Las transiciones y las crisis impactan en nuestro sistema personal de significados: a veces invalidan las teorías y el sentido de aquello sobre lo que ha apoyado nuestra forma de estar ante el mundo; otras veces, por el contrario, las reafirman. En cualquier caso, son cambios que propician la construcción y reconstrucción de nuestra identidad. Puesto que nuestra identidad está en relación con los otros y con las cosas que nos importan en el mundo –lugares, objetos o ideas–, cuando alguno de esos vínculos deja definitivamente de ser una realidad, nos vemos impelidos a cerrar capítulos a los que hay que dar un sentido coherente en la narrativa de nuestra historia. Nadie es igual después de un gran cambio vital.
4. CATEGORIZACIÓN DE LAS TRANSICIONES
Hemos visto que las transiciones pueden originarse en cualquier dominio de la existencia. Son muy numerosas las propuestas de agrupar las transiciones en función de variados criterios que no por ser más sofisticados resultan más útiles. La que presentan Schlossberg et al. (1995) incluye tres categorías: intrapersonales, interpersonales y laborales.
Las transiciones intrapersonales tienen una naturaleza fundamentalmente individual o personal en tanto que, aunque pueden estar desencadenadas por la ocurrencia o no ocurrencia de cualquier tipo de suceso, lo característico es que la persona experimente ante todo un cambio en su mirada interior; se plantee con especial insistencia cuestiones como: ¿Quién soy yo? ¿Hacia dónde voy en mi vida? ¿Qué he logrado? ¿Qué sentido tiene mi vida? Puede ser que, al mirar retrospectivamente, se llegue a conclusiones del tipo: no soy la persona que esperaba ser o miro hacia atrás en mi vida y solo veo las cosas que nunca han ocurrido.

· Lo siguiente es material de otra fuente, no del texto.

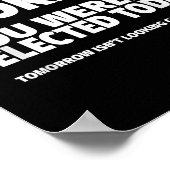 Poster J'Ai Une Audience Sélective, Vous Avez Été Sélecti (Coin)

En este tipo de transiciones, existe un trasfondo en cierto sentido filosófico y trascendental; más estrictamente, existencial. El individuo necesita frenar el ritmo y pararse a reflexionar sobre el armazón que sostiene su vida. El pensamiento gira en torno a cuestiones como el paso del tiempo y la forma en que se ocupa o se ha ocupado; la conciencia de su limitación y de que, aunque el pasado condiciona, aún es posible diseñar el futuro; las dudas acerca de la idoneidad de los compromisos establecidos; en definitiva, hay una necesidad imperiosa de definir lo que uno es, ha sido y quiere ser en el mundo.
En el origen de estas transiciones, pueden encontrarse los hechos más diversos: desde los más dramáticos hasta los más –aparentemente– anecdóticos. La muerte inesperada de una persona coetánea, tomar conciencia del proceso de envejecimiento propio o de los padres, abandonar algún rol fundamental, cambios importantes en la vida de algún conocido, la lectura de un libro impactante, el cumpleaños en el que se cambia de década, etc., y así una lista interminable.
Temas como la identidad, la autonomía, la libertad, la responsabilidad, el sentido de valía personal y la búsqueda de significado de la vida emergen con especial relevancia durante estas transiciones.
Las transiciones interpersonales están ocasionadas por la presencia o no de sucesos que afectan a las relaciones del individuo con personas destacadas en su vida y a los vínculos afectivos. El establecimiento de la pareja, el nacimiento de los hijos, la ruptura de una relación amorosa, dificultades o insatisfacción con la red de amigos o miembros de la familia, la responsabilidad de cuidar de los padres ancianos, perder el contacto con amigos y familiares como consecuencia de un cambio de domicilio, etc., son ejemplos de desencadenantes en este tipo de transición.
Esta gran variedad de factores pueden suscitar la reflexión y preocupación por temas y tareas del desarrollo como la intimidad, el sentido de pertenencia y la generatividad.